Yesterday and today were spent cleaning up downed trees in the neighborhood, and I listened to two Librivox audiobooks of Philip K. Dick while I worked.

The first was the retro Hugo award-winning The Second Variety, and the audiobook was read by veteran reader Gregg Margarite.  It is set in a post-nuclear-exchange Cold War, and as is usual, it features questions of identity and reality among the characters and their view of the world.

The second was the planetary war story Mr.

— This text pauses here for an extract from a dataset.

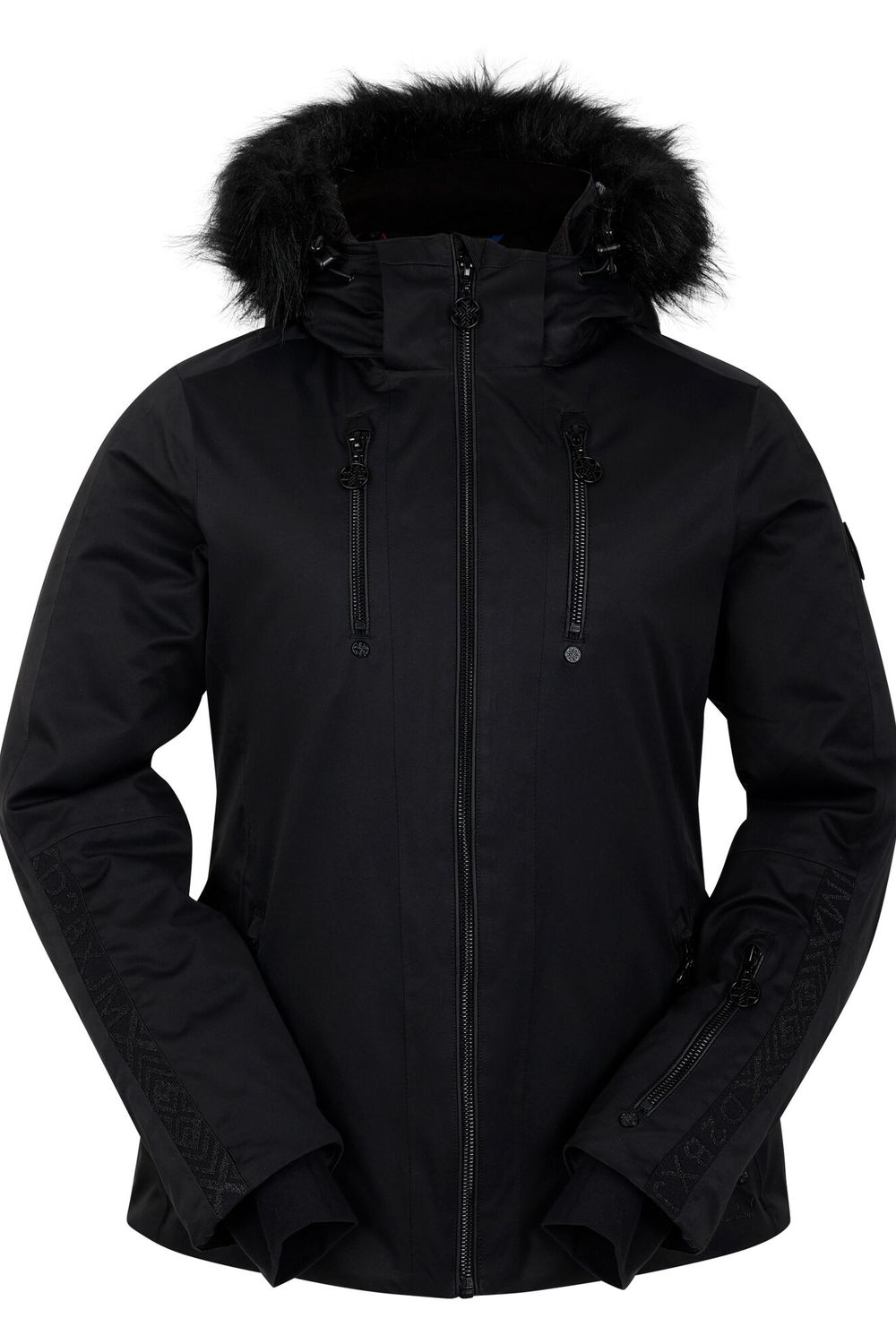 Black Frenzied Ski Jacket, Image 1 of 4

Spaceship, and again well-read by Phil Chenevert on Librivox.  It is set on an Earth under attack by aliens, although it is also very much like the other work, in that the Earth is not at all different from New York City of the Eisenhower era.

I really want to like Dick's work, and so I seek out his stuff as it becomes available, especially in these well-performed audiobooks.  But the writing of his early stuff is so very clearly written or edited for a 1950s or 1960s audience of Popular Science Magazine readers and Boy Scouts that it is hard to get past the "Gee, Whillikers, Batman!" of the tone.  Also, if you boil down a lot of his novelettes, you get 5% action, 5% ideas, and about 90% descriptions of people saying what they are doing, and then commenting on how odd the thing they are doing is.  Later novels are not nearly as bad as that in terms of filler, but his early stuff is rough going.

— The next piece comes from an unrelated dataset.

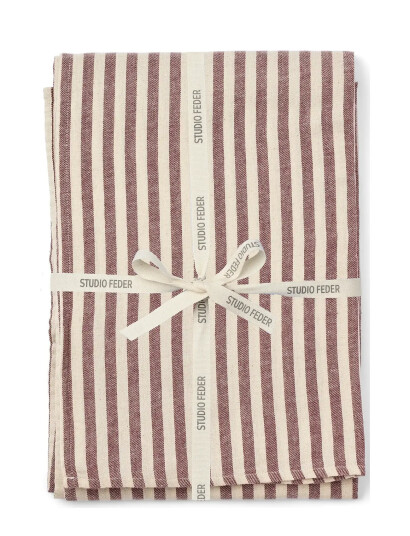 STUDIO FEDER Kori Table Cloth - Cot/Lin - Brown - 140X250CM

I wonder how much of that filler is just the financial incentives for writers of the time who were paid a penny a word or whatever, because Dick has such a strong reputation, and his works have won awards.  But even the stuff he wrote that is well-regarded seems more dated and pinned down by that dated-ness than other writers of the time.

I think maybe that feeling of dated-ness arises from and is because Dick's world-building is so weak that it is almost never differentiated from the time and place that he wrote from.  For comparison, I can consume Heinlein of the same era that is equally dated, but his worlds and setting are notably not the Earth of the time of writing.  Or the opposite end of the spectrum is someone like Vance, whose settings are so very, very alien from contemporary real life that the dated ideas or attitudes are overwhelmed by the characters and settings.

Phil Dick was not popular until after he died. That early stuff he wrote was really stuff he wrote to stay alive. Even in the SF community he was a fringe writer for most of his career.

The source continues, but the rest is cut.